*What needs to be done*: All that is needed is an exact repetition of the lines from the one containing "Immunohistochemistry - Anti-Cathepsin" through the final line of the material, without pictures.

*Supplied material*:
============

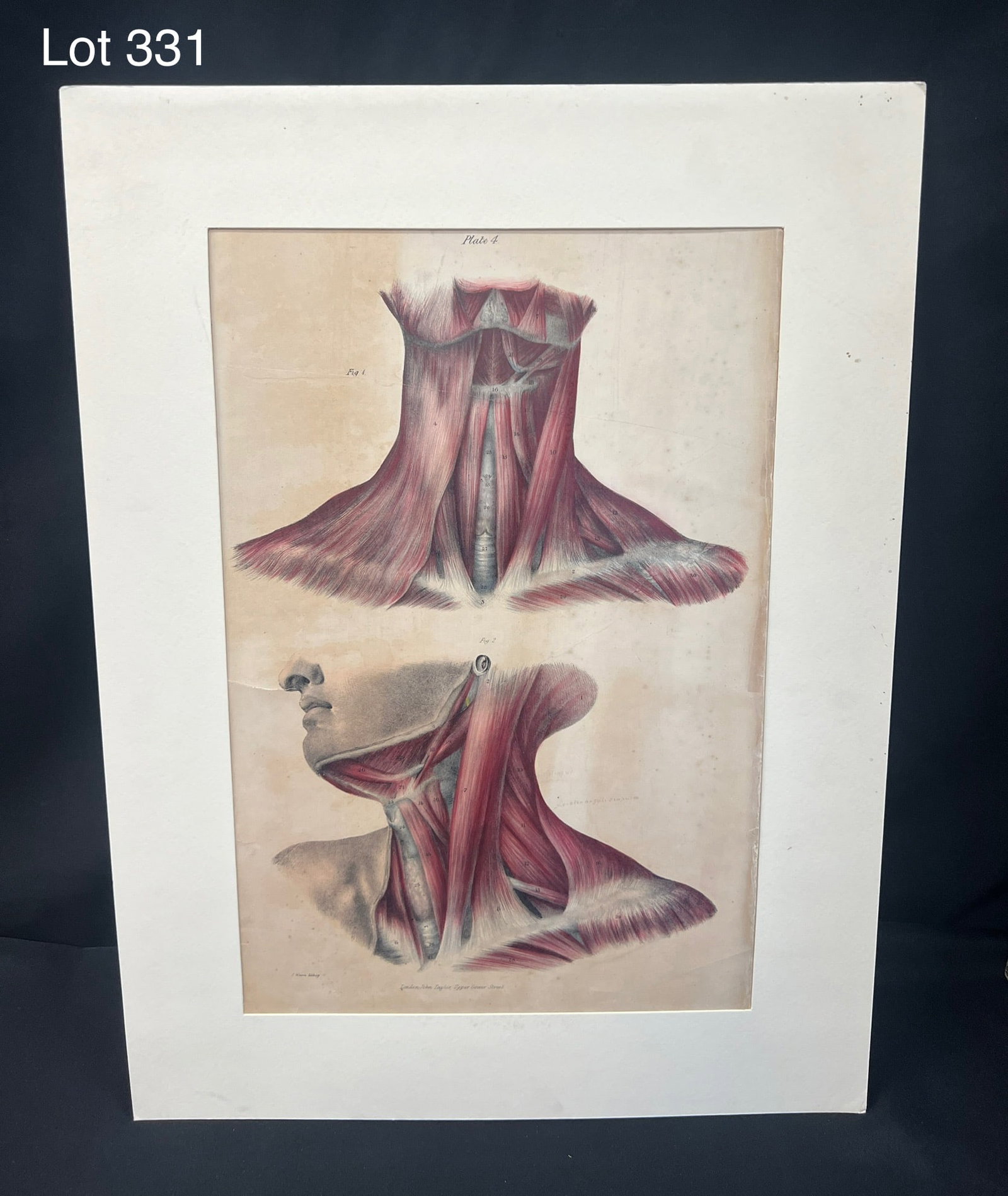 Vintage Scientific Print of Muscles of the Neck: A vintage scientific print of the muscles of the neck showing both the anterior and lateral views. 20" 12 1/2". Marked "J. Walsh lithog/London, John Taylor, Upper Gower Street". *notes- tear on left m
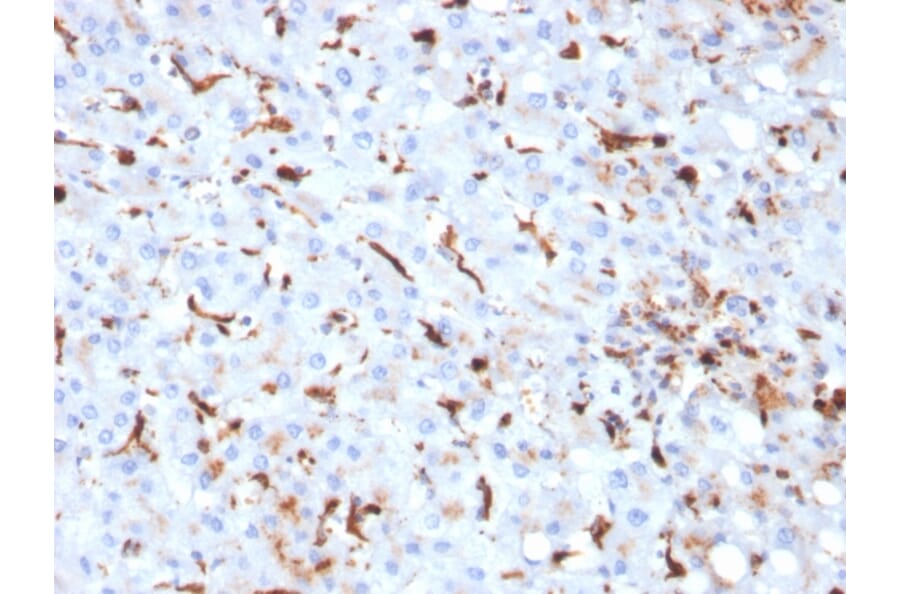 Immunohistochemistry - Anti-Cathepsin K Antibody [CTSK/2793] - BSA and Azide free (A251493) - Antibodies.com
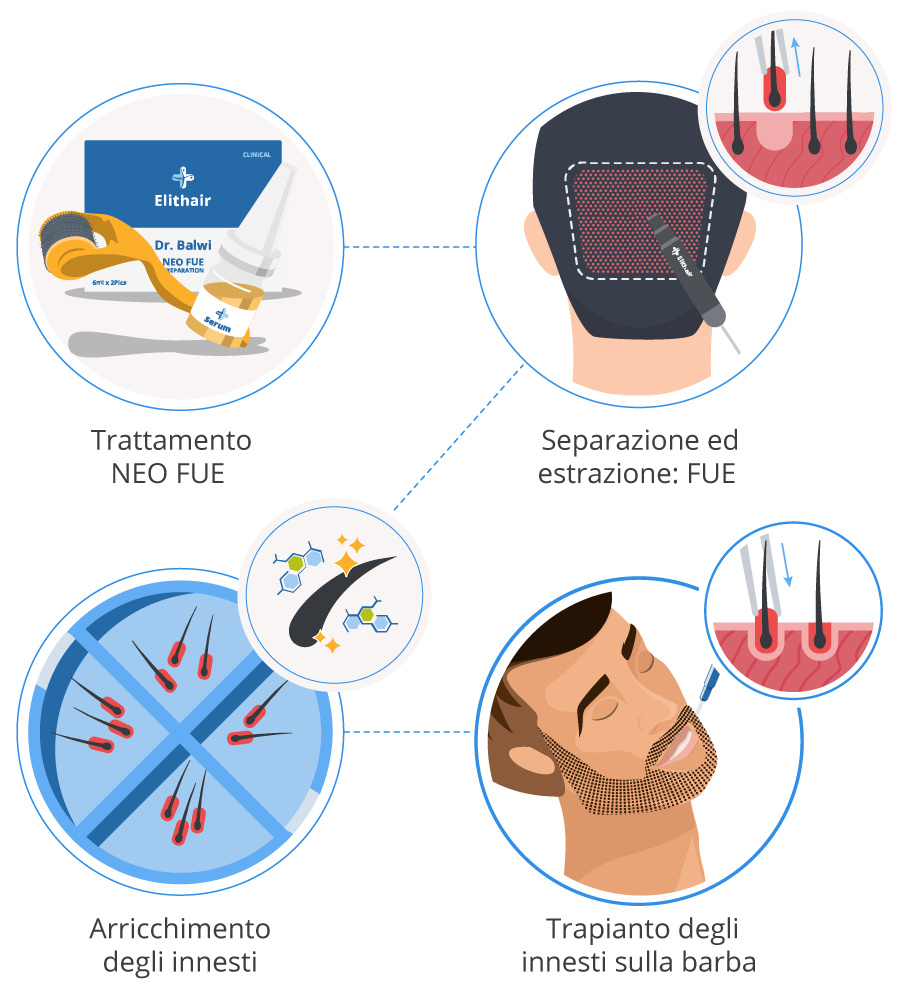 Infografica che mostra tutte le fasi di un trapianto di barba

============

*Answer to this problem*:
 Immunohistochemistry - Anti-Cathepsin K Antibody [CTSK/2793] - BSA and Azide free (A251493) - Antibodies.com
 Infografica che mostra tutte le fasi di un trapianto di barba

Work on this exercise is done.